Instructions to follow
Lines from the first one down to the one containing "Raspberry Tea Line" in the data below are the only ones needed; please return them exactly, both ends included.

Data shown
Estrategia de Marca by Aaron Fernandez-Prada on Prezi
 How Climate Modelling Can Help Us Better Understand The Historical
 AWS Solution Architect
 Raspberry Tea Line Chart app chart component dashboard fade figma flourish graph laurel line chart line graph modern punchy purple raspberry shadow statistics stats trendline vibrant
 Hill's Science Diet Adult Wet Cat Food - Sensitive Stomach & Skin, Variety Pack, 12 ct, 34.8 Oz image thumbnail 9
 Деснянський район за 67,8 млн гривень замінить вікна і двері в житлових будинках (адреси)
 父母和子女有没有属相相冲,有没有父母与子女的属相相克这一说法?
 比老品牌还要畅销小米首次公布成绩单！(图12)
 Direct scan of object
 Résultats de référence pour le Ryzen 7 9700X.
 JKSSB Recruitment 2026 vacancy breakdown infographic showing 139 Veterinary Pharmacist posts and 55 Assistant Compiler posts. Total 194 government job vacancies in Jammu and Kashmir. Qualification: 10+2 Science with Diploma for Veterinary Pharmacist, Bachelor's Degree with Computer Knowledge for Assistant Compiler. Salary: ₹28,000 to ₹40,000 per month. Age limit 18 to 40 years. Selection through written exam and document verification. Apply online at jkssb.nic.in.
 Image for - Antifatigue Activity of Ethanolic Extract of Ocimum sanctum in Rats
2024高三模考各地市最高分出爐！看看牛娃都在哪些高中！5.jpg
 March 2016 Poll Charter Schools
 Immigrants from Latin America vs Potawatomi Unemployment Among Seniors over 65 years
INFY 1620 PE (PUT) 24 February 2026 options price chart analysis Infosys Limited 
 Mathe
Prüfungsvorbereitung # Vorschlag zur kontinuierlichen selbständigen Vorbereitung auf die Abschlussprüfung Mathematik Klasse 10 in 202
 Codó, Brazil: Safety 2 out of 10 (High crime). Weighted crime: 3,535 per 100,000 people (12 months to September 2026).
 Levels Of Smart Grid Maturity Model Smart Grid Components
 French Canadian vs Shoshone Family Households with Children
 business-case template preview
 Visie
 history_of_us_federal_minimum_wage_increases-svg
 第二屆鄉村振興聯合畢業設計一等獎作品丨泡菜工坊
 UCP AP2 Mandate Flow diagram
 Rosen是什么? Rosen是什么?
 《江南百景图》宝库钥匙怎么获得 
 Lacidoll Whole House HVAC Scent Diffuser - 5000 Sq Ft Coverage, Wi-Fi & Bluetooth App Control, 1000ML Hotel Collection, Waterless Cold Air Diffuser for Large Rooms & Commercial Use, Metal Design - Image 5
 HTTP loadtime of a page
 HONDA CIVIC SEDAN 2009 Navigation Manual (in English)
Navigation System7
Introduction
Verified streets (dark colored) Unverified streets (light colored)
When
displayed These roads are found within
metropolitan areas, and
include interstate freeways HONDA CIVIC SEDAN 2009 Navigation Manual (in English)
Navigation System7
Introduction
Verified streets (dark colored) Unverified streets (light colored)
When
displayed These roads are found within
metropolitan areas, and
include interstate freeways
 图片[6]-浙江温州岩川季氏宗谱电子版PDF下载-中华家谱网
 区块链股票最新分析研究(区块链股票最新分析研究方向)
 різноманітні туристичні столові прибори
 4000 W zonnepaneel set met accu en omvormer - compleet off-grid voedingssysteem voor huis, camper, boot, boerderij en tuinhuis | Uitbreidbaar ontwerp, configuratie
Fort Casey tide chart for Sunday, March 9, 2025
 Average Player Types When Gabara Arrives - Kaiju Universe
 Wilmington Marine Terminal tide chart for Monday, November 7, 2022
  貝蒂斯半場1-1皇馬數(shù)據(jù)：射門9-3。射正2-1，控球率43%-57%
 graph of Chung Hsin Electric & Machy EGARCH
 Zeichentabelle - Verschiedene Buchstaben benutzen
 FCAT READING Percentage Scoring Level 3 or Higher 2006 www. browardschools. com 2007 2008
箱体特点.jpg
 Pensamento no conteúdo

Exercise solution
Estrategia de Marca by Aaron Fernandez-Prada on Prezi
 How Climate Modelling Can Help Us Better Understand The Historical
 AWS Solution Architect
 Raspberry Tea Line Chart app chart component dashboard fade figma flourish graph laurel line chart line graph modern punchy purple raspberry shadow statistics stats trendline vibrant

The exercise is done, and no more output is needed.